[Exercise data]

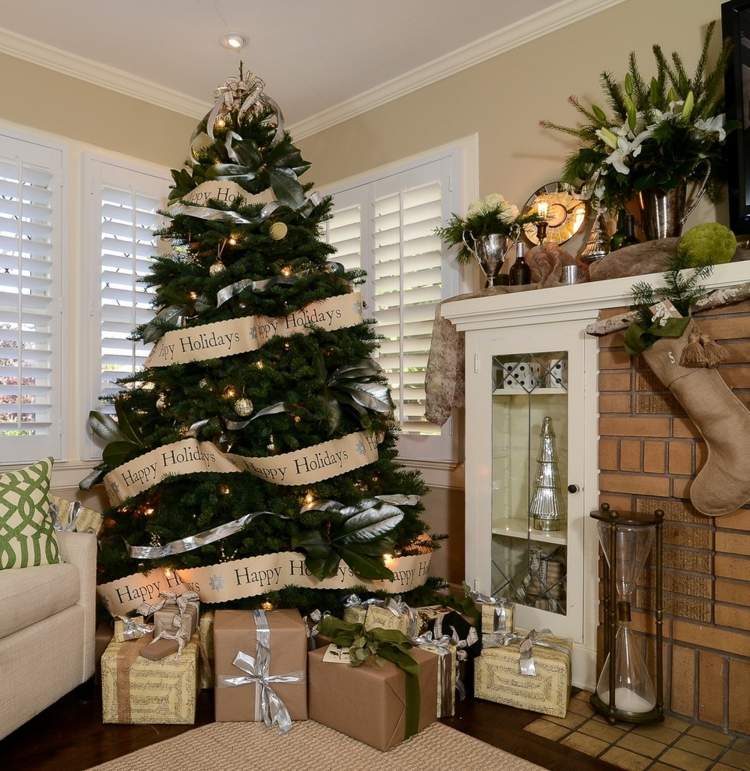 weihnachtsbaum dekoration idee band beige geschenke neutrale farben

[/Exercise data]
[Exercise data]

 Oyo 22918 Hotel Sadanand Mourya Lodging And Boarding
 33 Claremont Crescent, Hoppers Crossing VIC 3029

[/Exercise data]

= Problem to solve =
Retype the records above, but only those lines that fall between the line containing "Oyo 22918 Hotel" and the line containing "33 Claremont Crescent, Hoppers", with both of those lines included, exactly as written.

= Response =
 Oyo 22918 Hotel Sadanand Mourya Lodging And Boarding
 33 Claremont Crescent, Hoppers Crossing VIC 3029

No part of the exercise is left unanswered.